The physical link between mathematics and the human and natural gardens at Veblen House and Herrontown Woods is echoed in IAS faculty member Freeman Dyson's metaphorical praise at the 1987 centenary conference celebrating Ramanujan's contributions to mathematics. From the NY Times:
"Such mathematics has helped drive one of the major new conceptions of theoretical physics, superstring theory, as the physicist Freeman Dyson told a Ramanujan conference last month. 'As pure mathematics, it is as beautiful as any of the other flowers that grew from seeds that ripened in Ramanujan's garden.'"


In a personal aside, Ramanujan's origins reminded me of another Indian, Subrahmanyan Chandrasekhar, who was awarded the 1983 Nobel Prize in physics. He was a colleague of my father's at Yerkes Observatory (the two furthest left in the photo). I remember reading with some surprise, having always framed discrimination in terms of black and white, that Chandra also was the victim of racial prejudice during his long career in England and the U.S.. A look into his biography shows some parallels with Ramanujan. Chandra also studied in Madras, two decades after Ramanujan, and followed the same path to Trinity College in Cambridge, with similarly dramatic results, both in extraordinary contributions and cultural tensions. A 2005 article in the Guardian, Battle for the Black Hole, describes the mistreatment Chandrasekhar is said to have endured, resulting in lasting trauma and a 40 year delay in the recognition he so deserved for his discoveries. Third from the right in the photo appears to be Gerard Kuiper, whose research supported Chandra's theories as far back as 1935. The article says Chandrasekhar's discovery was finally vindicated with the discovery of an x-ray source, Cygnus X-1, in 1972. I remember my father being very involved in studying x-ray sources at that time, specifically Sco X-1, organizing simultaneous observations around the world. Kuiper--fun fact here--was Carl Sagan's doctoral advisor at U. of Chicago.

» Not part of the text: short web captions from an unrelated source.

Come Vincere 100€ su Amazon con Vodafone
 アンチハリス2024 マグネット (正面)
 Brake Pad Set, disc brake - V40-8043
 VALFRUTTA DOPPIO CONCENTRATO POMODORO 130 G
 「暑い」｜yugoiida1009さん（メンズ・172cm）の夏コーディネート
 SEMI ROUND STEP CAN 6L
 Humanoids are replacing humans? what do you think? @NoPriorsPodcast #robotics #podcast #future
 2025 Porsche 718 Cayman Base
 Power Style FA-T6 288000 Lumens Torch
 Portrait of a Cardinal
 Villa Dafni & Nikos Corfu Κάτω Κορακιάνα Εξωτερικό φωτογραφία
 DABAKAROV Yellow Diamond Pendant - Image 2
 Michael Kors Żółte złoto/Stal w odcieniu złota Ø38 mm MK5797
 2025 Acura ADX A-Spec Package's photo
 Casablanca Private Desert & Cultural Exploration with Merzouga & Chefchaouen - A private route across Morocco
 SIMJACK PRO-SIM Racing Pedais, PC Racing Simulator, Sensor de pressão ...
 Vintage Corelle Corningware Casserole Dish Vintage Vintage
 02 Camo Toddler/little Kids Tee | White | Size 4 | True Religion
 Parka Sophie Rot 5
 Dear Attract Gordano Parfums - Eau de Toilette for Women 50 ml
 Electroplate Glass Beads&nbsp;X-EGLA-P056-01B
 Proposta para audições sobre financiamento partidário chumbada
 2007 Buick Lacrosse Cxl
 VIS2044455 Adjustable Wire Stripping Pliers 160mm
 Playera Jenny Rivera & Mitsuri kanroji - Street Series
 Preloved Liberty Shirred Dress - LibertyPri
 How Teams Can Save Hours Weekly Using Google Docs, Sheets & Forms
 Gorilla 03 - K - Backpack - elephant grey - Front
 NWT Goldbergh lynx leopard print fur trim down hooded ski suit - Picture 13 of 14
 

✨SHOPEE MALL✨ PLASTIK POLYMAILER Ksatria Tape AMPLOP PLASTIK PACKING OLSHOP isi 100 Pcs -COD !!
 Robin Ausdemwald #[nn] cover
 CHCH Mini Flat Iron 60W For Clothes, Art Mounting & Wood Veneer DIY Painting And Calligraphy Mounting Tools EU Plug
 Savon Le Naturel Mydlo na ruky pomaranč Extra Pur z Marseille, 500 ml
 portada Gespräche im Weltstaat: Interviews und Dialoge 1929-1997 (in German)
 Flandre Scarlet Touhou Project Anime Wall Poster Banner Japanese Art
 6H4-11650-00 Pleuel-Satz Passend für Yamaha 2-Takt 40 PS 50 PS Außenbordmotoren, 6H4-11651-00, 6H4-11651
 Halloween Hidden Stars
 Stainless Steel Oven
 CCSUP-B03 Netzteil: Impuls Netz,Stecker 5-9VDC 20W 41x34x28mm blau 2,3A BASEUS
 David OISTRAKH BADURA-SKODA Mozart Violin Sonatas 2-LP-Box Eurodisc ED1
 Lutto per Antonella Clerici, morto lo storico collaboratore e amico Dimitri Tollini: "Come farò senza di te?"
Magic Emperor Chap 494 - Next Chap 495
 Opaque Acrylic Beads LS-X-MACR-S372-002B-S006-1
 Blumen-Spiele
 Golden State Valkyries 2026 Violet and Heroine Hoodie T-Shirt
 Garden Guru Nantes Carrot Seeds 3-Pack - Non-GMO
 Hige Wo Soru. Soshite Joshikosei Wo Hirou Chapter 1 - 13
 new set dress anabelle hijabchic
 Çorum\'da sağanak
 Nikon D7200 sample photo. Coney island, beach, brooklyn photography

Additional reading shows that Chandrasekhar was greatly inspired by the career of Ramanujan, and is responsible for having later tracked down the only adequate photo of the great mathematician, taken for the passport prior to his return to India from Great Britain. It's the photo above and at the end of the movie.

No clear connection between Chandra and Veblen has yet emerged, though they must have encountered each other at Aberdeen Proving Grounds, where they both served during WW II along with Von Neumann and others. Both may have seen the possibilities for their own careers through their illustrious uncles, C.V. Raman and Thorstein Veblen. Raman was awarded the Nobel prize in physics. 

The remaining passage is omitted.